There are two competing interpretations of the 1960s. The first is exemplified by the claim of '60s radical-turned-Democratic politician, Tom Hayden, who wrote in his memoirs that "We of the Sixties accomplished more than most generations in American history." In this view, the Sixties were exciting, heroic, and uniquely infused with moral passion the "Promethean moment," as one commentator put it, "when the Chosen Ones went through hell to save their souls and ours."
The second interpretation is far less flattering: It was a time of incredible intellectual flatulence when pretentious adolescents under the tutelage of Herbert Marcuse and his ilk affected a pose of moral superiority vis a vis their countrymen.
It was a time when the pampered and narcissistic children of privilege spouted Marx, Che Guevara, and Franz Fanon and engaged in no-fault acting out.
It was a time when self-styled radicals embraced the enemy against whom their countrymen were fighting and dying. It was a time when for many, the goal was to cleanse fascist, racist "Amerika" by "any means necessary."
The nihilism that lay at the heart of this radicalism turned murderous thugs like George Jackson, Charles Manson, and Huey Newton into "authentic," existentialist, revolutionary heroes.
The made-for-TV version of the '60s offered up the former view. To be sure, the "bad" '60s are represented by Kenny Klein, a Weatherman, Mark Rudd-like character who moves from idealism to radicalism and accidentally blows himself up with a homemade bomb. And of course, we see the "really bad" '60s in the person of Brian Herlihy, the high-school jock who enlists in the Marines because he doesn't get the expected football scholarship to Notre Dame, goes to Vietnam, and returns a burned out wreck the Traumatized Vietnam Vet that has become a staple of the popular culture, evidence to the contrary notwithstanding.
But the mini-series is really a celebration of the "good" '60s: the idealism of the civil rights movement and opposition to the immoral Vietnam War. The good '60s are represented by Michael Herlihy, Brian's intelligent and morally earnest younger brother who rejects what the viewer is invited to see as the fatuous patriotism and authoritarianism of his father's America; Sarah Weinstock, the proto-feminist, radically-pure, Barnard girl whom Michael pursues, even as she falls under the sway of Kenny; and Willie Taylor, a black preacher from Mississippi who, after his church is burned down by racists, moves to Watts, where he is gunned down by police during the 1965 riot, and his son Emmet, who is driven by his father's killing into the embrace of a sanitized version of the Black Panthers.

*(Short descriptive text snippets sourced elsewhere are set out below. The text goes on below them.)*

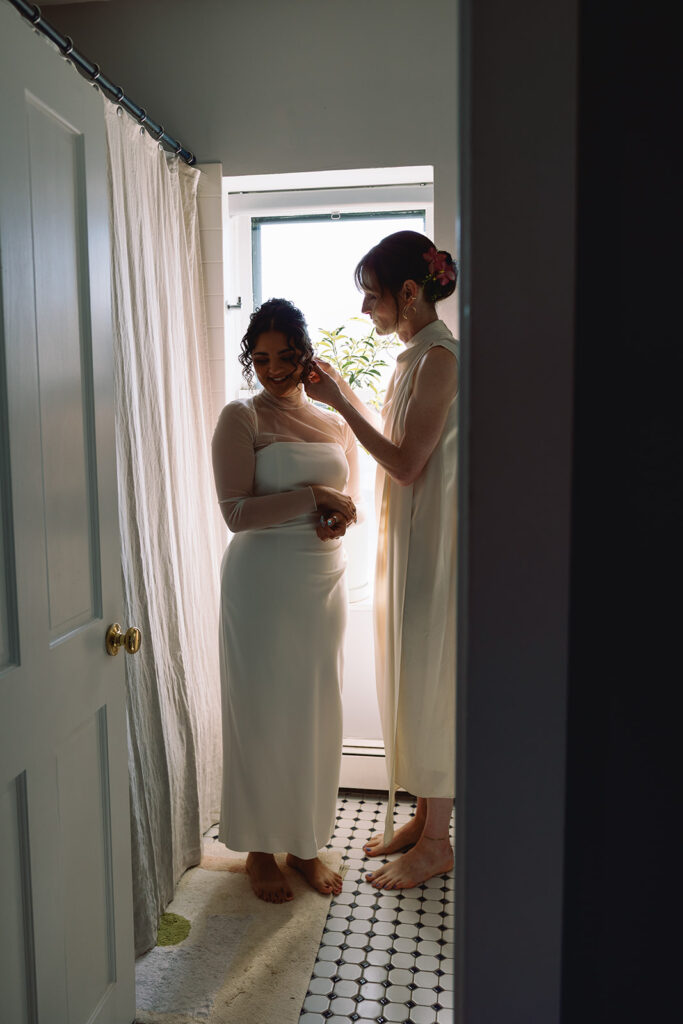 brides help each other get ready at Boston apartment for their fall restaurant wedding 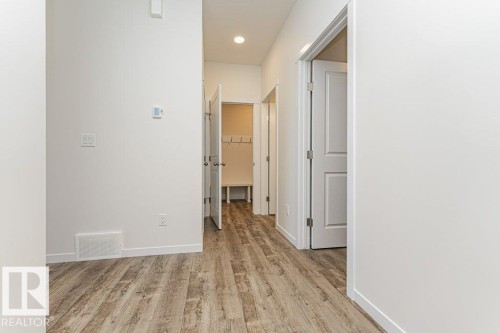 Hallway featuring wood-finish flooring, white walls, and recessed lighting - 6271 180 Avenue, Edmonton, AB - Indoor Photo Showing Other Room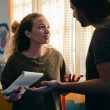 worried couple with notebook looking at each other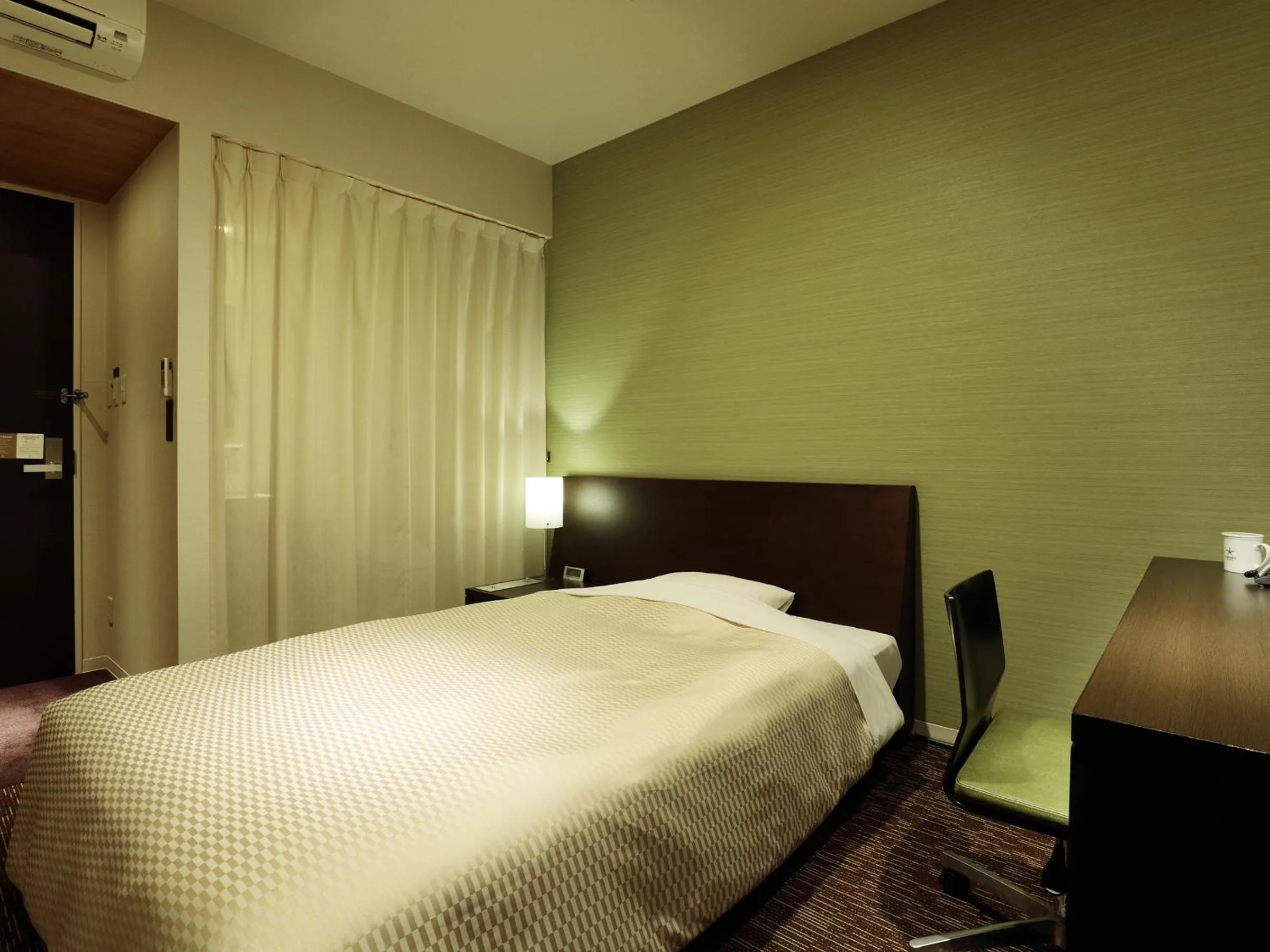 Bed in Candeo Hotels Shizuoka Shimada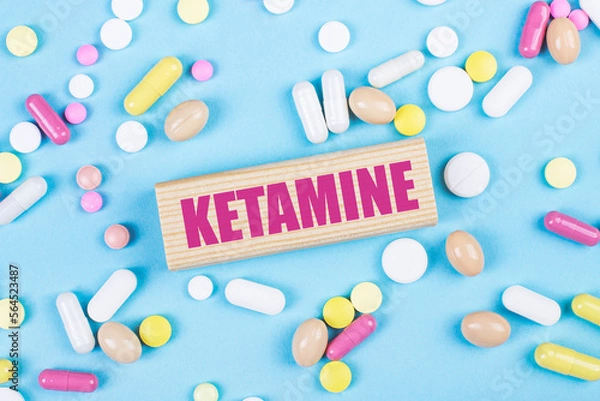 Obraz On a blue background, multi-colored pills and a wooden block with the text KETAMINE. View from above. Medical concept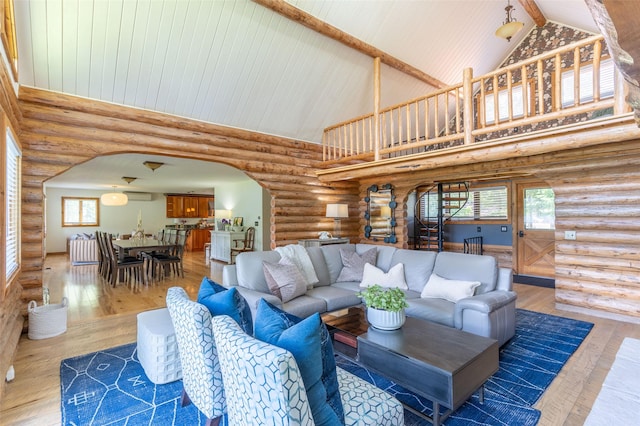 2755 US Highway 93 W, Whitefish, MT 59937 - living room featuring arched walkways, high vaulted ceiling, radiator heating unit, log walls, and hardwood / wood-style flooring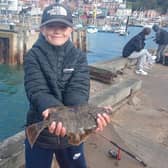 Teddy Stringer, 11, who won the Knight Trophy for the Greatest Variety of Fish Species (5), shows off a flounder at the Junior Parr Competition on Saturday, the second event of the Scarborough Angling Festival.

"The Sixties" takes us, via the idealistic Michael, through what former radical Peter Collier calls "the Movement's stations of the cross" the Freedom Rides; the March on the Pentagon; the assault on Columbia University; the 1968 Democratic convention in Chicago, the "Days of Rage."
But this odyssey reveals a glaringly apparent bias on the part of the producers and screen-writers: the mini-series gives the "black" experience short shrift, despite the fact that the civil rights movement remains the noblest achievement of the decade. This is because although the white "idealists" celebrated by the mini-series may have participated in the civil rights movement, at least at the beginning, they did not inspire it, preferring the "authentic" (that word again) black voices of Malcolm X and the Panthers to that of Martin Luther King. For Michael and Sarah, the real "happening" of the decade is the Vietnam War.
"The Sixties" is an example of what Peter Collier and David Horowitz describe in their memoir, Destructive Generation, as "the manufacture of innocence out of guilt, the eternal work of the Left." For the Left, they continue, there are no yesterdays, only tomorrows, never any "fossilized remains of death and destruction caused by past commitments," only the utopias to come.
The high note upon which the mini-series ends with the whole Herlihy family reunited and its consciousness raised illustrates this phenomenon. There is no suggestion of the decade's deplorable legacy.
Abroad, it was the "liberation" of South Vietnam, costing, in addition to Saigon's war dead, a minimum of 100,000 summary executions at the hands of the communist liberators, a million and a half "boat people," and a like number of individuals sentenced to "reeducation camps," genocide in Cambodia, and a perceived shift in the "correlation of forces" that encouraged Soviet adventurism throughout the 1970s.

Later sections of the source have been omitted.